Of course, this brand of revisionism is popular among hardcore fans of The Walking Dead. Even Carl Grimes was disliked among many in The Walking Dead fandom right up until he was killed off, and many of those same fans called Carl’s death the worst thing to ever happen to the series. Fans don’t like when The Walking Dead sticks too closely to the source material, but they hate it if it diverges too much. The Walking Dead fandom, of course, is passionate, and they often treat characters like family members: It’s OK for them to hate those characters, but it’s not OK for the writers to kill them off.

It’s fair to ask, however, if Chambliss and Goldberg could rehabilitate what was a stagnant character, why not keep her on? That’s where the story may have also dictated her departure. When Frank Dillane decided to leave the show and Nick was killed off, Madison’s character arc had run its course. Her character on the show has always been the fiercely protective mother bear who would do anything to protect her children, but Nick died, and had Madison lived to see it, it would have broken that character. In a series striving for a more hopeful future, a broken Madison would have been a drag on the storyline. In some ways, the decision to kill off Madison also mirrors Andrew Lincoln’s decision to leave The Walking Dead after the death of Carl — there just wasn’t much motivation for him to continue.

It is unfortunate, however, that Kim Dickens was forced off a show that she obviously didn’t want to leave. That, however, is par for the course in The Walking Dead universe. Up until this season, after Andrew Lincoln and Lauren Cohan asked off the parent series, I only recall two other actors who were able to dictate their fates. Melissa McBride (who plays Carol) managed to talk producers out of killing off her character in season three, while Jeffrey DeMunn was able to ask to be killed off in that same season (he later changed his mind, but his death by that point had already been written into the series). Meanwhile, Fear the Walking Dead killed off its co-lead, Travis, in the third season, and the actor who played him, Cliff Curtis, wasn’t happy about that, either.
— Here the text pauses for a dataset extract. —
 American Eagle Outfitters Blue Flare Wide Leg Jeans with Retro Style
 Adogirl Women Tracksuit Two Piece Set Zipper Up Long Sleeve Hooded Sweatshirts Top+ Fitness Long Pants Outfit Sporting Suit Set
While the loss of Madison Clark on Fear the Walking Dead may have been good for a show aiming for a reboot and almost total turnover in its cast as it looks to gain back some of its ratings losses, the loss of Kim Dickens is a major blow offscreen. She was, as Alycia Debnam-Carey noted on Talking Dead, a huge inspiration and a role model to her. Any other show, however, would be insanely lucky to have Dickens, both as a person and for her acting abilities. Hopefully, she can land a series that is as worthy of her talents as Treme and Deadwood, because Dickens deserves better than how her character was written in the first three seasons of Fear.

In the meantime, it seems as though Jenna Elfman’s Naomi will fill the role of mother bear. In Naomi, Goldberg and Chambliss have an opportunity to start from scratch with a similar character archetype. Knowing fans of The Walking Dead universe, however, she will probably become reviled among many, right up until the showrunners decide kill her off, too.